Spotlight: Building skills to end violence through understanding and collaboration


The ISS is training specialist facilitators to help people find solutions to complex social problems like gender-based violence and xenophobia. Deep divisions across race, class, nationality, gender and sexuality can frustrate efforts to address South Africa’s stubborn challenges of racism, poverty and violence.

Policy makers don’t always understand the needs of frontline community workers. Researchers don’t understand the pressures faced by government officials, and non-governmental organisations (NGOs) can’t see how their work relates to policy. There are too few opportunities to talk and plan together, and meetings are often dominated by hierarchies which create potential for confusion and disagreement.

An evaluation of the Violence Prevention Forum (VPF) showed that skilled facilitation is vital to getting people to understand each other and then build the relationships and trust needed for effective collaboration. This prompted the development of a VPF training course that equips facilitators to help diverse groups listen more actively and empathise with the experiences and opinions of others.

‘We are working in an environment characterised by trauma and misunderstanding, which gets in the way of the partnerships needed to prevent violence,’ says ISS Senior Research Fellow Dr Chandré Gould. ‘By training skilled facilitators, we empower people from different sectors to break down their mutual mistrust, recognise their differences, and work better together.’ 

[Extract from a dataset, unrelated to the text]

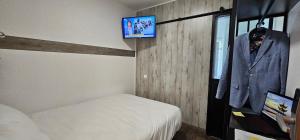 a bedroom with a bed and a tv on a wall at ClassEco Gent in Ghent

The training is based on the VPF’s values and meeting methods. Working with Reos Partners and Leadership Pathways, the VPF delivered two nine-day courses in 2021, with support from the Finnish government and the World Childhood Foundation. After the third course in June 2022, more than 40 delegates from government, donors, research organisations, civil society and the private sector will have been trained.

We are empowering people to break down mistrust, recognise differences and work better together

The course tackles racism, patriarchy, inequality and the widespread use of violence to resolve conflict. It helps participants understand the impact of trauma on people’s thinking and behaviour. Delegates are shown how to recognise power relations in a group and their own judgements and prejudices. They get mentoring once the course has concluded and apply their new skills in their workplaces and communities, where they grapple daily with the challenge of violence prevention.

A senior police officer who did the course says that he now has a better appreciation of how people see the police when he convenes community safety dialogues. And a youth development worker reports being more able to give all people a chance to speak.

Facilitation is also being used to improve policy and law. Adv Dellene Clark, a Specialist State Law Adviser at the South African Law Reform Commission (SALRC), used the VPF training at a dialogue on domestic violence. Government officials, legal experts, police, prosecutors, judges, pathologists, academics, NGOs and an abuse survivor gathered to discuss a United Nations recommendation that South Africa change its law to define domestic violence as a specific criminal offence.

Clark said her new skills enabled her to level the hierarchies in the group and empower those who often stay silent to express themselves, including a woman in an abusive relationship and a police officer. The result was that the SALRC received 86 submissions, giving it a solid mandate to proceed with its recommendations for legal reform.   

‘We used to do these consultations in person,’ Clark said. ‘This time, instead of a dry discussion about law, a survivor brought their own experience to what they saw as a safe space. Dissenting voices were welcomed, and I believe the participants felt they were heard and included. The participation was good and the feedback was positive.’